Evaluating the Evaluator

With its vast knowledge of strategy and technique and a wealth of  financial resources at their disposal, NFL organizations not only have the potential to discover if that linebacker prospect fits their scheme, but they can also find out what he did with that blue pencil sharpener in Mrs. Beam’s second grade social studies class. So why do they still have a huge opportunity to improve as evaluators of talent? The answer is in the process.

During his 2011 NFL Draft Confidential special that aired on ESPN,  Bill Parcells describes football as a “talent-acquisition” industry.  And during the show’s next 90 minutes, Parcells provides great insights into the scouting process, how it generates a draft board, and its economic impact on the game.

But what got my attention as a former operations manager and director of a service sector business is the issues that NFL teams face to do consistent, accurate, and quality work.

One of the things I took away from the show is that the NFL has a lot in common with other businesses – especially those in the service and manufacturing sectors.

As with other industries, the word tenure isn’t a common way to describe jobs in the NFL. General managers, coaches, and personnel feel tremendous pressure to win now, which can lead to a results-driven mentality.

This is perfectly natural. However during those long hours of work in an urgent quest to attain these results, it’s difficult for an organization to feel the same urgency to scrutinize its processes that are in use to reach its goals.

The Inexact Science of Evaluation

During the ESPN special, Parcells repeatedly described talent evaluation as an “inexact science.” Once again, this is no different than the service and manufacturing industries where statistics are essential to measure productivity.

But what makes talent evaluation an inexact science is the fact that statistics cannot provide a full or accurate measure of an individual’s performance. Nor can statistics alone gauge talent or project future performance.

Because measuring and projecting individual performance deals with both objective and subjective criteria, it is vitally important that there is a strong methodology in place to ensure that evaluators are consistent with their approach to the work. Many service and manufacturing businesses have figured this out by embracing an approach that I call “quality-driven processes.”
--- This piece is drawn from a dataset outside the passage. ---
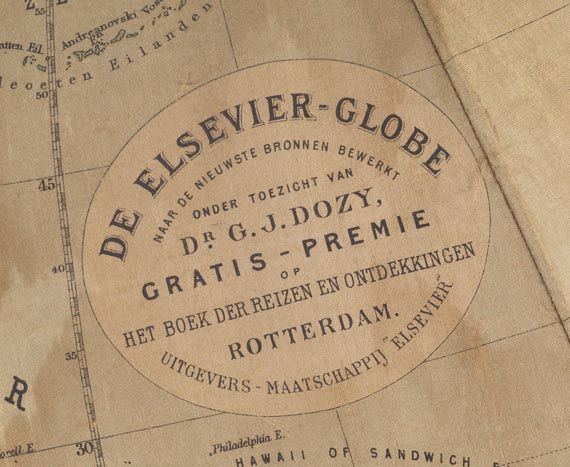  Elsevier - Globus auf Drahtspinne, aufspannbar. In Orig.-Holzkasten. 1881.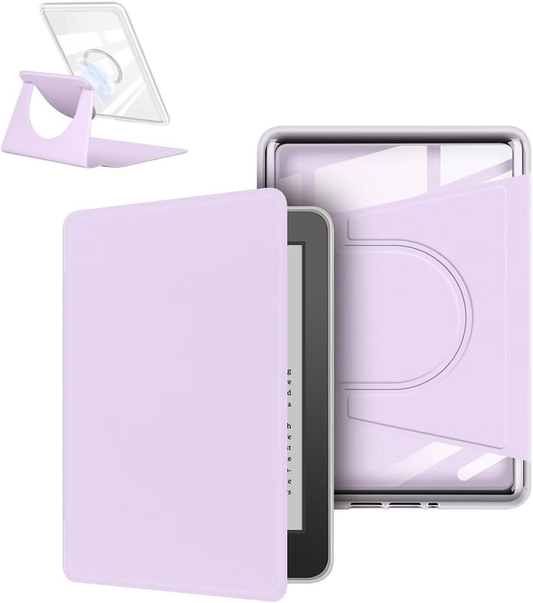 360Â° Rotating & Detachable Magnetic Case for 6.8" Kindle Paperwhite 11th Generation (2021)  â Auto Wake/Sleep, Hands-Free Stand, Clear Back Cover (Light purple).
These processes not only generate results that are more accurate and productive, but the structure of the process itself also helps these businesses get better at what they do with each passing year while saving money.

Don’t Blame The Evaluators, Focus on The Process

Based on the processes Parcells explained in this show, as well as conversations I have had with former scouts, I believe that as knowledgeable as teams are about the game, they lack of a high-quality, well-defined evaluation process. The current process isn’t designed to help them continuously improve and I think it is a reason why NFL teams frequently contribute to their own scouting mistakes.

Exhibit one is the NFL’s grading system. Most teams use a grading system that inherently create a high level of variability. And when individual evaluators have a different understanding of how a system is supposed to work because the system isn’t well-defined, differences of opinion among evaluators can be avoided.

Here is the basic system that most NFL teams use. There will be differences in the range of numbers, but this is essentially it.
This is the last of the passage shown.